_Work to be completed_.
Don't include any picture when you restate the data word for word.
==== Data under study
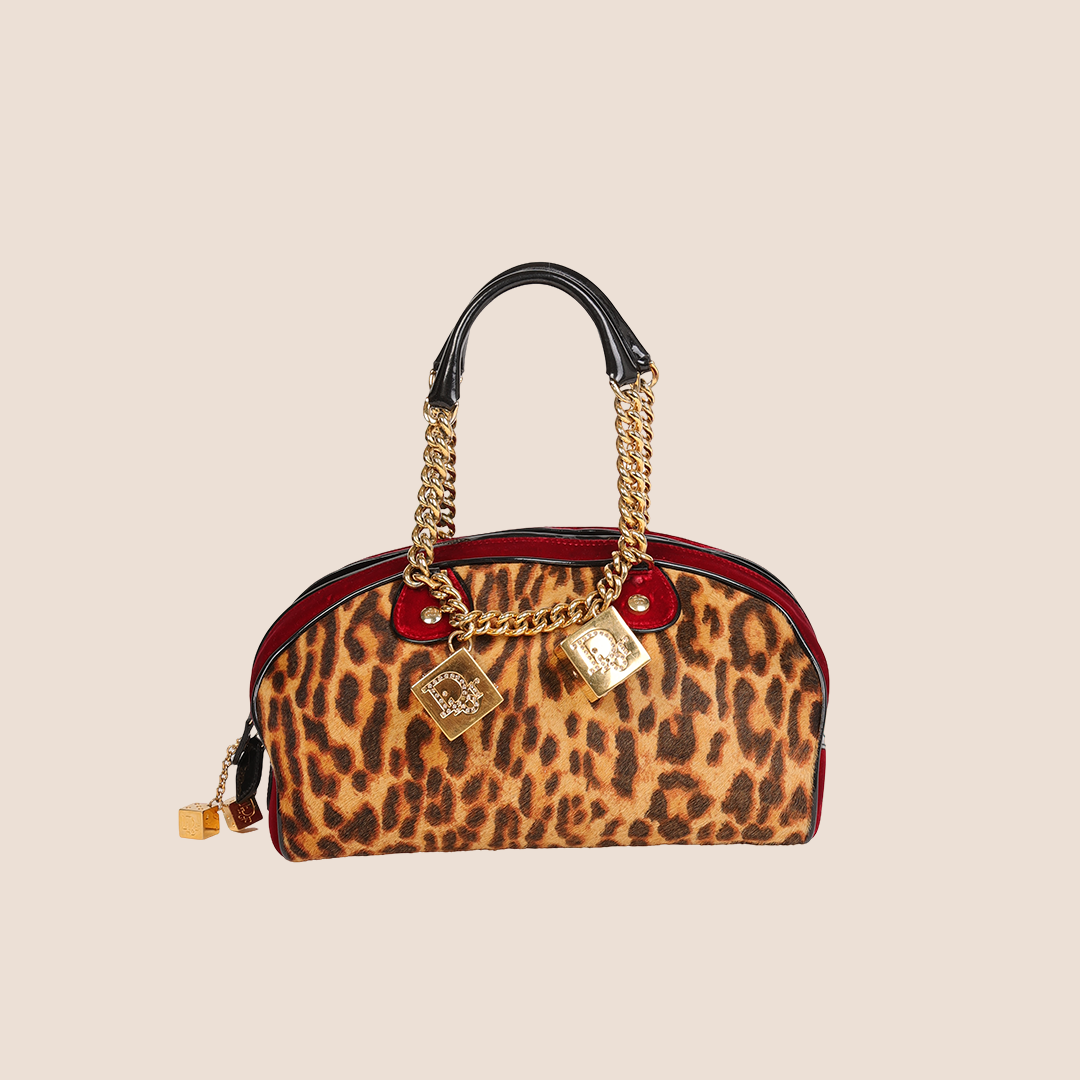CHRISTIAN DIOR 2004 LEOPARD PRINT VELVET GAMBLER DICE BAG
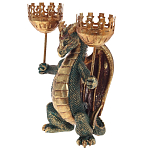 Подсвечник в виде дракона Dragon Candlestick Green Gold варинант исполнения - 1 | Loft Concept в Барнауле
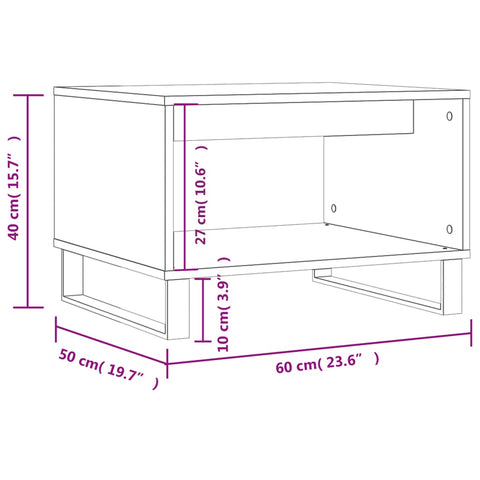 vidaXL Coffee Table White 60x50x40 cm Engineered Wood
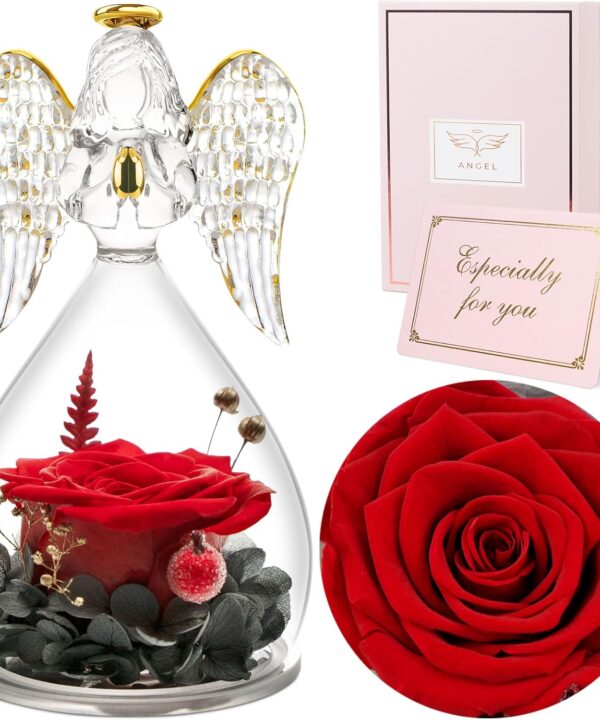 Sunia Preserved Flower Rose Gift for Women - Mother's Day Birthday Gifts for Mom Wife Grandma, Glass Angel Figurines Forever Real Roses Gifts for Her Valentine Day Thanksgiving (Red)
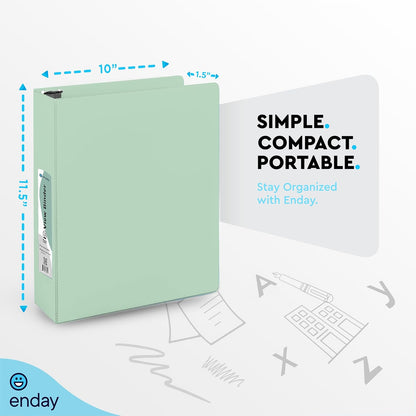 Enday 1.5 Inch Binder, Green - 1.5 Inch 3 Ring Binder, Round Ring Pastel with Clear View Cover for Letter Size 8.5 x 11'' Paper & 2 Inside Pockets, Ideal for School Supplies, Office, and Home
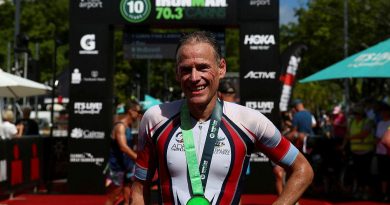 Captain Daniel Judd was the first ADF member across the line in the 70.3 half Ironman in Cairns and second overall in the 45-49 age group. Story and photo by Warrant Officer Class 2 Max Bree.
========
_Task solution_.
CHRISTIAN DIOR 2004 LEOPARD PRINT VELVET GAMBLER DICE BAG
 Подсвечник в виде дракона Dragon Candlestick Green Gold варинант исполнения - 1 | Loft Concept в Барнауле
 vidaXL Coffee Table White 60x50x40 cm Engineered Wood
 Sunia Preserved Flower Rose Gift for Women - Mother's Day Birthday Gifts for Mom Wife Grandma, Glass Angel Figurines Forever Real Roses Gifts for Her Valentine Day Thanksgiving (Red)
 Enday 1.5 Inch Binder, Green - 1.5 Inch 3 Ring Binder, Round Ring Pastel with Clear View Cover for Letter Size 8.5 x 11'' Paper & 2 Inside Pockets, Ideal for School Supplies, Office, and Home
 Captain Daniel Judd was the first ADF member across the line in the 70.3 half Ironman in Cairns and second overall in the 45-49 age group. Story and photo by Warrant Officer Class 2 Max Bree.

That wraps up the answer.